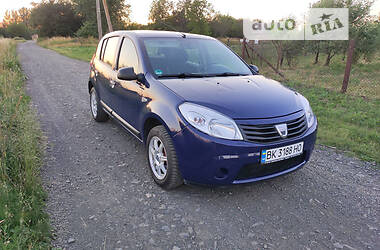 Хэтчбек Dacia Sandero 2009 в Луцке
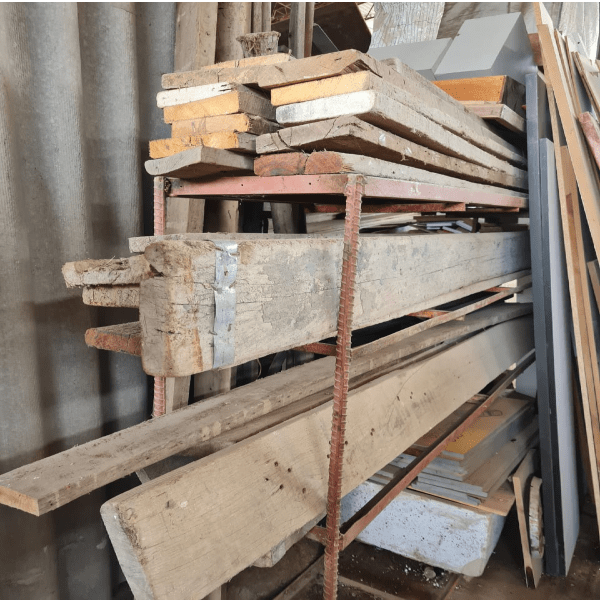 planchones de madera para construcción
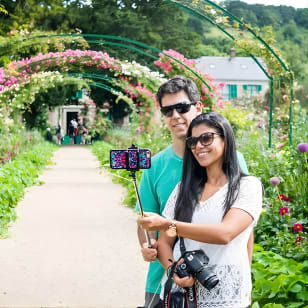 Versailles Timed Entrance Ticket und Giverny Kleingruppen-Tagestour von Paris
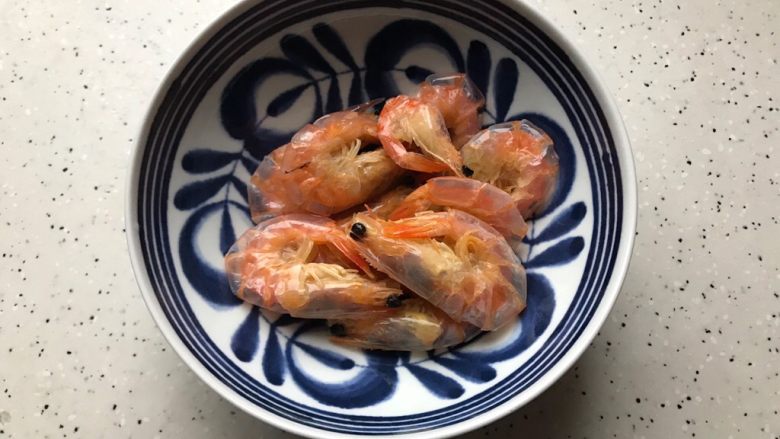 蚝油杏鲍菇卷心菜虾干,虾壳跑软就可以了,捞出来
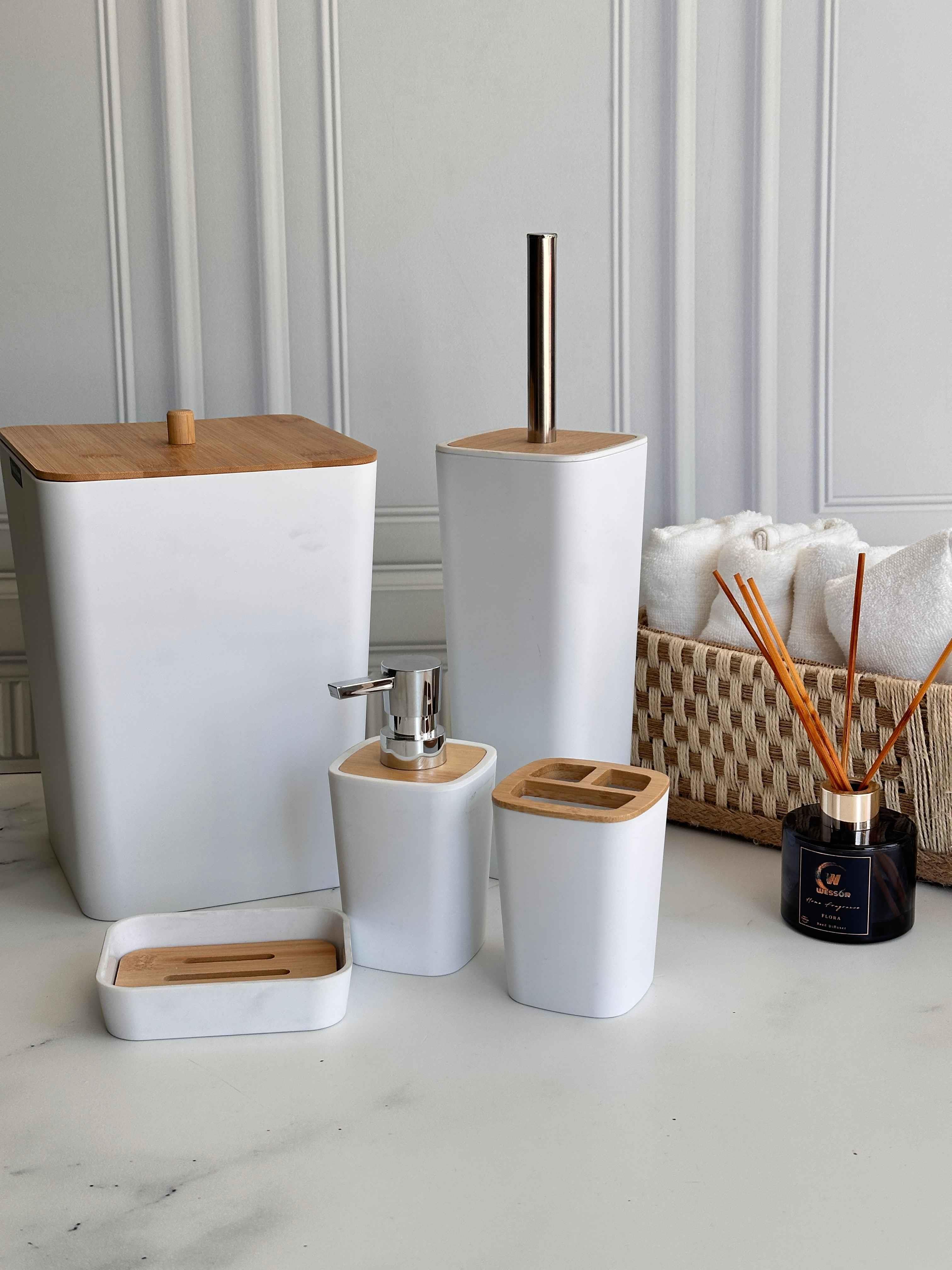Braga Banyo Seti White Silver 7 Parça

━━━━━━━━━━━━━━━━━━━━━━━━━━━━━━

• [WORK TO BE COMPLETED]: Copy out, with no pictures, the lines from the one containing "Versailles Timed Entrance" through the last line of the data above, both ends included and each word unchanged.

• [PROBLEM SOLUTION]:
 Versailles Timed Entrance Ticket und Giverny Kleingruppen-Tagestour von Paris
 蚝油杏鲍菇卷心菜虾干,虾壳跑软就可以了,捞出来
Braga Banyo Seti White Silver 7 Parça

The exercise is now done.